Just as I started the 360° Energy Diet last week, a heat wave hits us for 4 days. Johannesburg experienced its hottest recorded temperatures, ever, for the month of October – 33.4°C (92.1°F). While it’s great for a tan, it’s not great for energy bills as our air conditioner was used for 2-3 hours every evening to bring the ambient temperature in the bedrooms down to 20°C (68°F).
During the course of the diet, points are allocated in 6 main categories: home, food, transportation, waste disposal & recycling, water use and what you buy. My initial score was 235 points with the best category being home (60 points) and the worst category being waste disposal & recycling (25 points). There certainly is room for improvement in all six categories, but there are items on the list I just won’t be able to tick off, at least for the next few years, i.e. use public transport.
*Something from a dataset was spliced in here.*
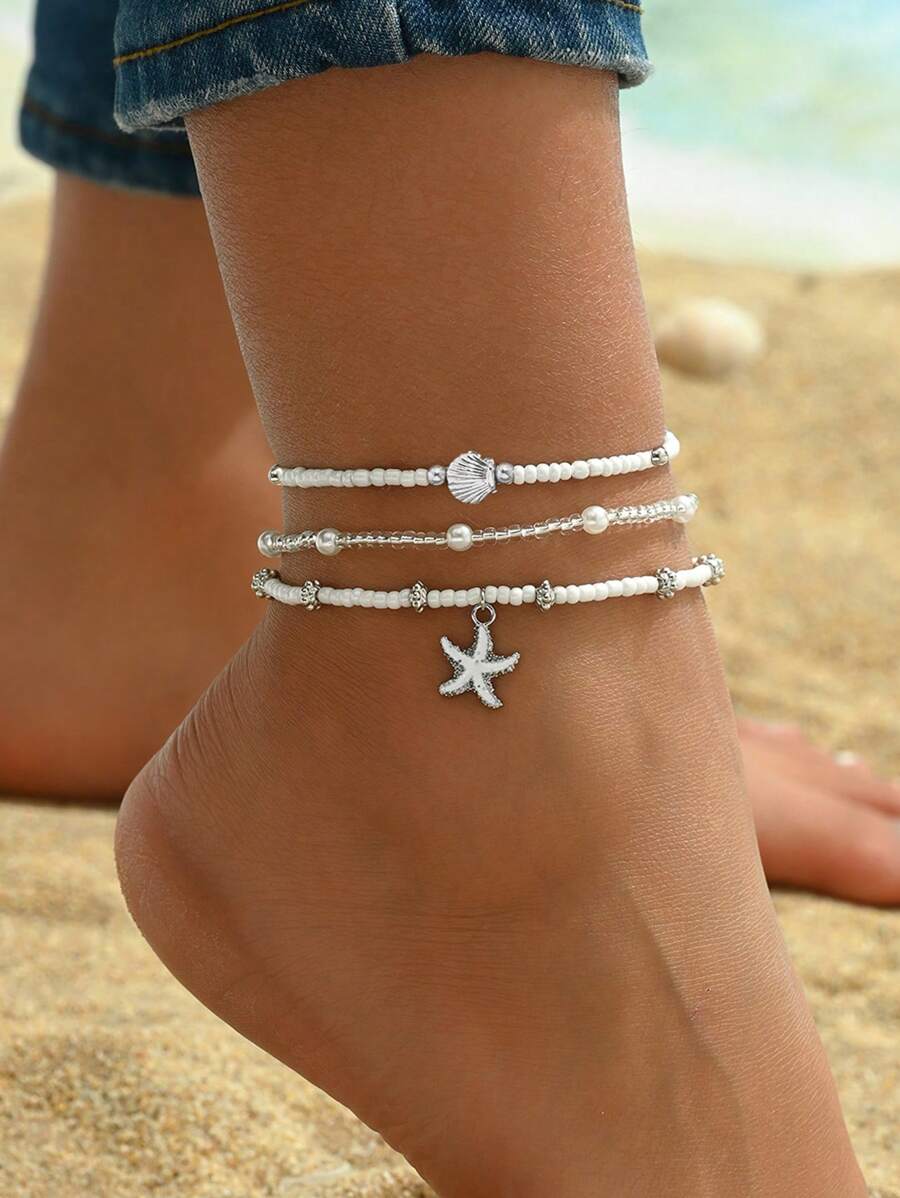 3pcs/Set Women Simple White Bead Pearl & Silver Starfish Shell Anklets, Suitable For Daily Wear And Holiday Travel - Multicolor - View 1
Each week for the next 6 weeks, I will comment on each category in more detail and how I have changed my habits, or plan to change them.
Category 1 – Home
Even though this is the highest scoring category, I believe I can make a big impact on the unticked item as well. Before starting the diet, I’d already identified that the halogen down lights had a high energy consumption but the costs to replace every halogen is going to cost about R9400 ($1175) for 47 LED’s. Subsequent investigation and advice from friends is that although LED’s are more efficient, they also get extremely hot at the back of the globe so it requires air circulation to keep them cool. The plan is to use CFL’s in the lounge and kitchen as they are mounted in concrete slab and to use LED’s in the bedrooms and bathrooms where there is more space in the roof.
Having moved into a newly built home in 2007, the geyser and surrounding pipes were insulated together with the entire ceilings in the upstairs rooms. I must say that it works well in winter to keep the warm air from escaping, but it doesn’t work that well in summer. As a result the geyser was turned down to the lowest possible setting of 50°C (122°F) and even that is too hot. Another installation during the construction phase was to have a timer installed at the distribution board to regulate the times the geyser is working.
In my previous post I mentioned the polystyrene boards placed in the concrete slab, which does wonders in keeping the floor temperature regulated, and thereby eliminating the need to underfloor heating. A photo during construction is shown (left).
One advantage of living in South Africa is the weather – winter are dry and last about 3 months, with daytime temperatures getting as high as 20°C (68°F). Cold snaps last a few weeks at a time, but it’s seldom below 10°C (50°F) for long. That means we get to hang the washing outside and let the sun do the hard work. One of the disadvantages of living in South Africa is the lack of double insulation in buildings, resulting in wasted energy in heating and cooling various rooms.